→ Supplied records:
—————

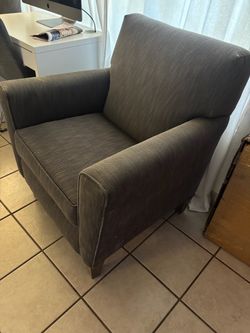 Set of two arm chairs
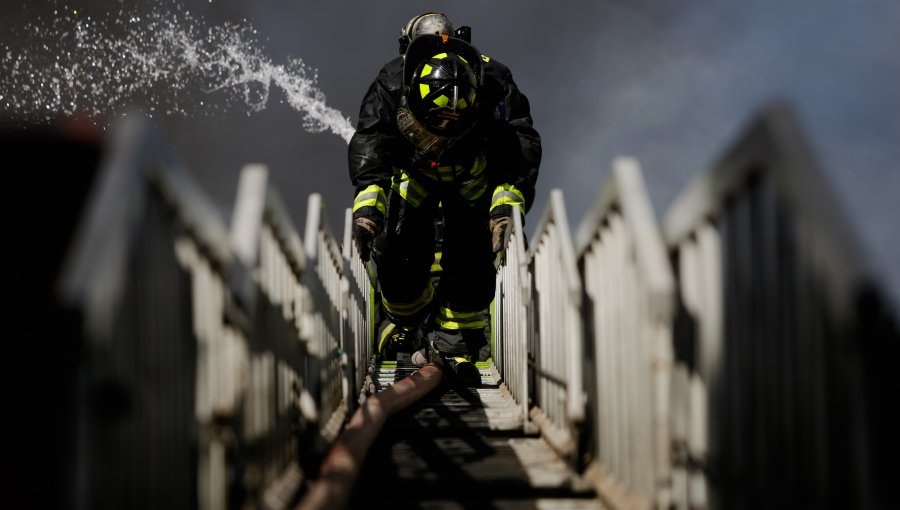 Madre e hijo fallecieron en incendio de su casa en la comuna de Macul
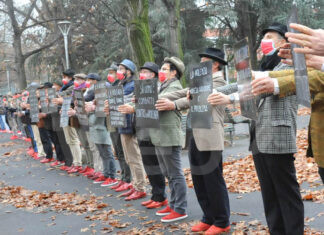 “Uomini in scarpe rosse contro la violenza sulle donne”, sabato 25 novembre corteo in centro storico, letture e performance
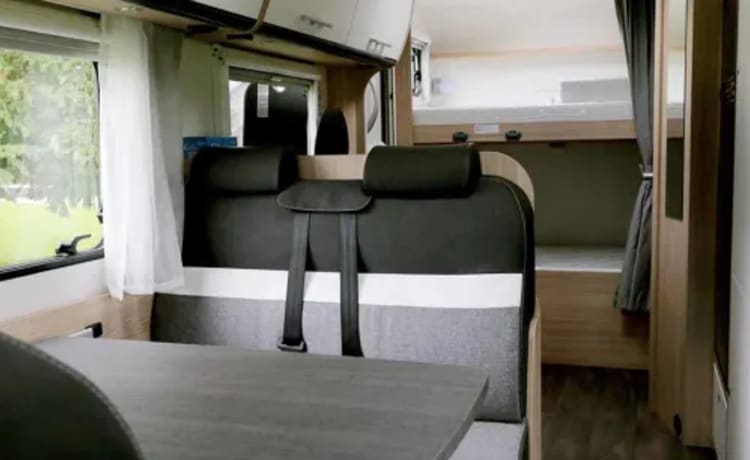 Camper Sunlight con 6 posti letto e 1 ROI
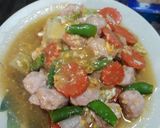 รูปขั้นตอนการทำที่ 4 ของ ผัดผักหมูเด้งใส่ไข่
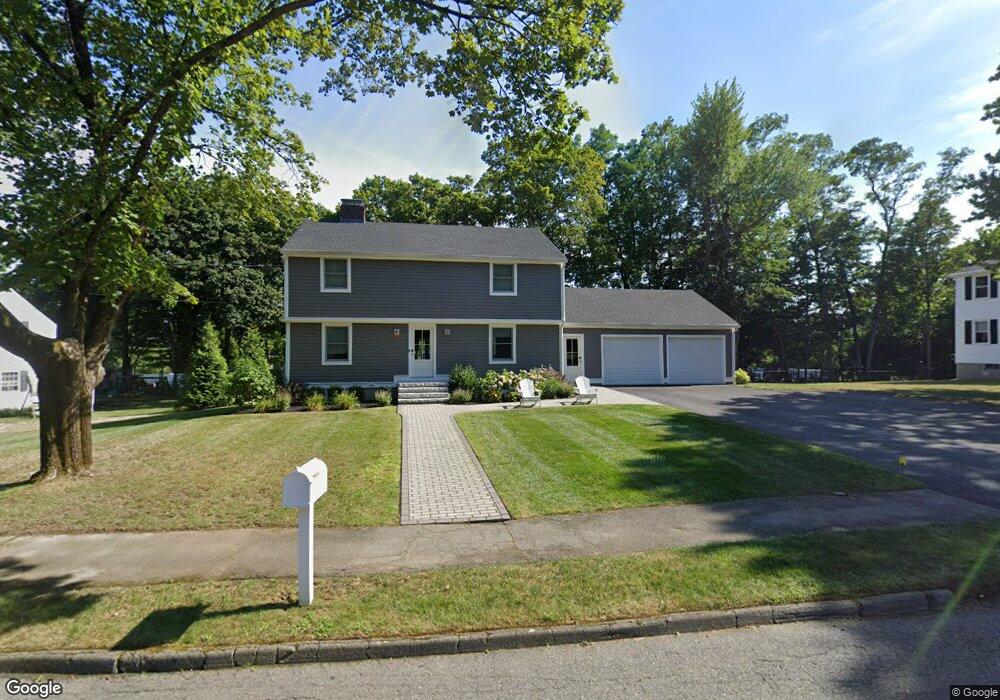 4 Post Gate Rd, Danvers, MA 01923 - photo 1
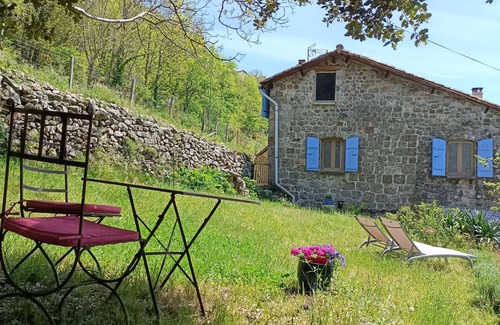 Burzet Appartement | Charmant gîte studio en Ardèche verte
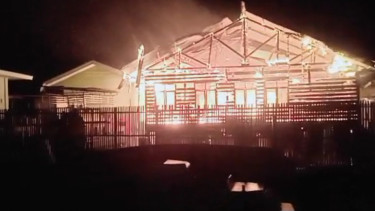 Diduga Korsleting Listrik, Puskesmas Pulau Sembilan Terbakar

—————

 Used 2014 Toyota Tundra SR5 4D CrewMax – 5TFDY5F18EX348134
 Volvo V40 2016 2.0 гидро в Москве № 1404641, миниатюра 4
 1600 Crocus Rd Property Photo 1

—————

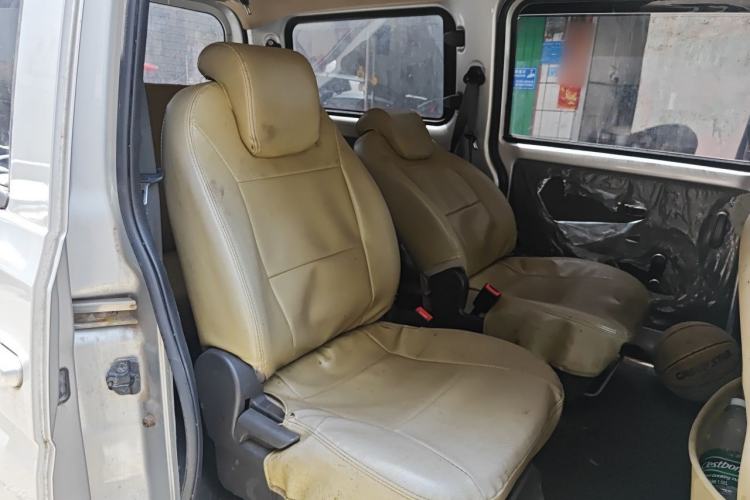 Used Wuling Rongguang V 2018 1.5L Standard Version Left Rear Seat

—————

→ Task details: In the records above, everything from the line with "Camper Sunlight con 6 posti letto e 1 ROI" down to the line with "Diduga Korsleting Listrik, Puskesmas" is to be set down exactly, both ends included, with no pictures and no other lines.

→ Solution:
 Camper Sunlight con 6 posti letto e 1 ROI
 รูปขั้นตอนการทำที่ 4 ของ ผัดผักหมูเด้งใส่ไข่
 4 Post Gate Rd, Danvers, MA 01923 - photo 1
 Burzet Appartement | Charmant gîte studio en Ardèche verte
 Diduga Korsleting Listrik, Puskesmas Pulau Sembilan Terbakar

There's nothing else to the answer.